For almost six years, the Ninth Circuit Court of Appeals has conducted an experiment in homeless policy. Circuit judges have used a singular reading of the Constitution to overturn local laws against street sleeping and camping. The results were disastrous and led to more homelessness and chaos in the Western states under the Ninth Circuit’s jurisdiction. On Friday, Justice Neil Gorsuch, with five other Supreme Court justices, put an end to that experiment.
Gorsuch’s strong but reasoned opinion returns homeless policy to states and local governments, where it belongs. It also offers a chance for these governments to act against the growing problem of street encampments.

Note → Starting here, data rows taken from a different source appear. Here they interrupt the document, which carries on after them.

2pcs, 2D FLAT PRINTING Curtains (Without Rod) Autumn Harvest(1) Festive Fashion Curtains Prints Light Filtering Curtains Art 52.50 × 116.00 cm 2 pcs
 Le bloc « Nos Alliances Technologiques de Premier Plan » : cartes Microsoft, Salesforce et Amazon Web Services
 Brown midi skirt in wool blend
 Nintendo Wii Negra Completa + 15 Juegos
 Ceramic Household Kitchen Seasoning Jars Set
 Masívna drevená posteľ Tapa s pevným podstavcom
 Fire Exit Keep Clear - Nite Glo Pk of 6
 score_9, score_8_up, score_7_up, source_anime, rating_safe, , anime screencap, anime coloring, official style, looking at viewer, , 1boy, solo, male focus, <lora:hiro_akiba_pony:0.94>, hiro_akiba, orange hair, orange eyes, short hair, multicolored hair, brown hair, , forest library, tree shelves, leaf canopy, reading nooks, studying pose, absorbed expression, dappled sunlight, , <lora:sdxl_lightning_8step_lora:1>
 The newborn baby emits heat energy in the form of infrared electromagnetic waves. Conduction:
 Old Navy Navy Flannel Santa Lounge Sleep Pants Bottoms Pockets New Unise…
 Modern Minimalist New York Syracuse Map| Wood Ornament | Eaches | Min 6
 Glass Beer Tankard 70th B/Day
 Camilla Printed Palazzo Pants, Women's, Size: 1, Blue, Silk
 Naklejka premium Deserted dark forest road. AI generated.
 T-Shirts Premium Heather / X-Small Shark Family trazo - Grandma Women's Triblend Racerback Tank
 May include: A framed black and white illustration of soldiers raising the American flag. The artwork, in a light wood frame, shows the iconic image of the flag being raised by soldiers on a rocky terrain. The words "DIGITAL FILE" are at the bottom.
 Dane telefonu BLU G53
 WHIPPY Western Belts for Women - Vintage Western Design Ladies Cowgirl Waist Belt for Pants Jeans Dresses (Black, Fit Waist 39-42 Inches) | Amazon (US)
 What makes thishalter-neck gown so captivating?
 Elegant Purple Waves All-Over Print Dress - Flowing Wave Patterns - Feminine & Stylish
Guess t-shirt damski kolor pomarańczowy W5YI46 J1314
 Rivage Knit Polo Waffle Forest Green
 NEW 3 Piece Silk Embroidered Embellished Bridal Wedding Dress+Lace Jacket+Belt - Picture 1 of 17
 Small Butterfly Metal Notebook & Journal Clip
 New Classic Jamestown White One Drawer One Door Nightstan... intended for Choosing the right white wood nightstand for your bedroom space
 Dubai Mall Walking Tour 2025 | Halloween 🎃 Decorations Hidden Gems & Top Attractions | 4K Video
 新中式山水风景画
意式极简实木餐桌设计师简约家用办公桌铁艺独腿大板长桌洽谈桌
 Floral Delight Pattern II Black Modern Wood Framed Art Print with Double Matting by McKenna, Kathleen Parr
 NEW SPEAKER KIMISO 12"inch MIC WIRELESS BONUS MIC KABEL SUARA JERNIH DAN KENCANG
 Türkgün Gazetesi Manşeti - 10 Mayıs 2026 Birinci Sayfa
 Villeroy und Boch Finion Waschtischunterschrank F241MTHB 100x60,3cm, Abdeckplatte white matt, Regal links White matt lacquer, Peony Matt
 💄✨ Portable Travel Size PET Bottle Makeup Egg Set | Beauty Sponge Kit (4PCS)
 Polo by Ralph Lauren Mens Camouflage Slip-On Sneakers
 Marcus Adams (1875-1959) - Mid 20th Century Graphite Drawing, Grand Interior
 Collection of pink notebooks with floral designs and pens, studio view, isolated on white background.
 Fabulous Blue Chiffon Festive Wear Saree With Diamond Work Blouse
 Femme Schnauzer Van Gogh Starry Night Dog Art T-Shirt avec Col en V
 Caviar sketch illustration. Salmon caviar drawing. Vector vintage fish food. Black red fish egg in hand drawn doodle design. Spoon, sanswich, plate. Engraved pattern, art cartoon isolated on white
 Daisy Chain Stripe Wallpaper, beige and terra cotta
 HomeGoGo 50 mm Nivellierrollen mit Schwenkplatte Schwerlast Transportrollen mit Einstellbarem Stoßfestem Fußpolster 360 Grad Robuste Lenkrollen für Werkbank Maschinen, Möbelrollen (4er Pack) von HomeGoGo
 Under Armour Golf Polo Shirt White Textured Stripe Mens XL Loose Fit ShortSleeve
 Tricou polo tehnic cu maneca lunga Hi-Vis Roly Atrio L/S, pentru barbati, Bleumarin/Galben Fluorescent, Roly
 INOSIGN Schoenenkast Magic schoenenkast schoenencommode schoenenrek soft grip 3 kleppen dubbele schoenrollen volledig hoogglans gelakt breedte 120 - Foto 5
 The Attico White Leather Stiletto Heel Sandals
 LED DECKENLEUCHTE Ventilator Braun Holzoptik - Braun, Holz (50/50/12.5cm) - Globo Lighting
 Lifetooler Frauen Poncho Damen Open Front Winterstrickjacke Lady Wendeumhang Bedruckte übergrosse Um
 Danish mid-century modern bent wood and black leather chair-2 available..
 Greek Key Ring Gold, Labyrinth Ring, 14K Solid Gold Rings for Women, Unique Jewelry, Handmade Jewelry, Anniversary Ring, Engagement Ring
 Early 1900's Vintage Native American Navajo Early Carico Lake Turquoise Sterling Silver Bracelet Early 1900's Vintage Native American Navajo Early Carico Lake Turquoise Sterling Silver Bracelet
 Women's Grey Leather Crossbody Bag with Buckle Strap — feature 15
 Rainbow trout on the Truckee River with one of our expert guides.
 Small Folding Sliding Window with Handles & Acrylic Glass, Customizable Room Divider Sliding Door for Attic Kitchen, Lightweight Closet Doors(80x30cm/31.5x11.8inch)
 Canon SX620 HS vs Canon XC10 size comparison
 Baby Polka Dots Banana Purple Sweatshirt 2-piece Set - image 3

In 2018, a panel of Ninth Circuit judges decided the case of Martin v. Boise, ruling that the Constitution’s Eighth Amendment clause against “cruel and unusual punishments” prevented cities from enforcing laws against street sleeping or camping, if homeless people didn’t have sufficient alternatives.
Any hopes that the Boise case would have helped the homeless were quickly dashed. Homelessness in the Ninth Circuit states increased by over 25 percent by 2022, while in the rest of the country it decreased. Nonetheless, in that year the Ninth Circuit extended its decision in Boise, ruling in the Johnson v. Grants Pass case that even civil fines against some types of camping and sleeping were unconstitutional.
Gorsuch’s opinion overturning the Grants Pass ruling lays waste to the Ninth Circuit’s arguments. First, he shows that the claim that the Eighth Amendment prevents camping laws is absurd on its face. The Eighth Amendment is about preventing types of punishments, such as beatings, not about banning whole categories of laws proscribing certain behaviors. The punishments authorized by the city of Grants Pass, Oregon, such as civil fines and a ban on camping in public parks, were both restrained and common.
Gorsuch’s opinion also points out a fact many activists like to deny: homeless encampments are dangerous and violent. Rulings that prevent the clearing of those camps can lead to more violence. Gorsuch notes that by one estimate, over 40 percent of the shootings in Seattle are linked to homeless encampments, despite the homeless being a small fraction of the city’s overall population. As others have pointed out, the main victims of these acts of violence are other homeless people. About 25 percent of Los Angeles’s murder victims are homeless, for example, though they make up about 1 percent of the population.
It’s difficult to see how the Ninth Circuit’s rulings have helped the situation for the homeless on the West Coast. Today, California alone contains almost half of the nation’s unsheltered homeless. Seattle’s King County saw a new record of homeless deaths last year, 415—an increase of more than a third from the previous year’s total, which was also a record. Los Angeles sees about 2,000 homeless people die a year, a figure up almost 300 percent since 2014 and which even local officials believe is an undercount.
Despite valiant efforts by the Left to portray the attacks on the Ninth Circuit as a right-wing effort, the court’s rulings on the homeless united a broad spectrum of opponents. The National League of Cities, representing more than 19,000 American municipalities, and individual cities from San Francisco to Colorado Springs asked the Supreme Court to review the Grants Pass ruling. Justice Gorsuch included a footnote in his opinion, taking up most of a page, that listed all the people and organizations that petitioned the court to review the case¸ including everyone from California governor Gavin Newsom to the International Municipal Lawyers Association.
The homeless advocates’ argument rested on the idea that homelessness was an involuntary status and that local governments couldn’t punish people simply for their status or for activities that flowed from that, such as sleeping. But the activists’ position brought up some uncomfortable questions. During the oral argument, Justice Gorsuch wondered whether, if sleeping in public was necessary for the homeless, might cooking in public be, too? Justice Amy Coney Barrett pointed out that defecating was also necessary. Should cities be forced to allow public defecation? And how would cities prove that homelessness was “involuntary”? As the opinion notes, most residents of homeless encampments refuse shelter beds even when they are offered.
Local governance is a formidable challenge that involves weighing diverse preferences and enforcing rules across the vast panoply of human behavior. While the Grants Pass ruling does not guarantee that Western states and cities will handle homelessness well, it at least gives them a chance. They will certainly do better than distant judges who could not begin to comprehend the difficulties of dealing with growing encampments filled with human suffering.